# EMR Serverless CloudWatch Dashboard

You can visualize EMR Serverless application and job metrics in a CloudWatch Dashboard. The CloudFormation template provided in this repo can be used to deploy the sample CloudWatch Dashboard for Spark applications on EMR Serverless.

## Overview

The CloudWatch Dashboard provides an overview of pre-initialized capacity vs.
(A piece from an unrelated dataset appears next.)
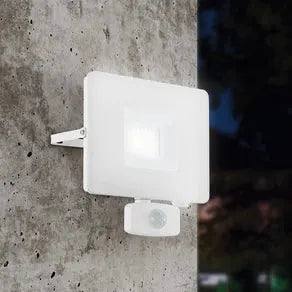 Faedo 3 LED outdoor spotlight, sensor, white, 30 W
OnDemand as well as drill-down metrics for CPU, memory, and disk usage for Spark Drivers and Executors. [Pre-initialized capacity is an optional feature of EMR Serverless](https://docs.aws.amazon.com/emr/latest/EMR-Serverless-UserGuide/application-capacity.html) that keeps driver and workers pre-initialized and ready to respond in seconds and this dashboard can help understand if pre-initialized capacity is being used effectively.

In addition, you can see job-level metrics for the state of your jobs on a per-application basis.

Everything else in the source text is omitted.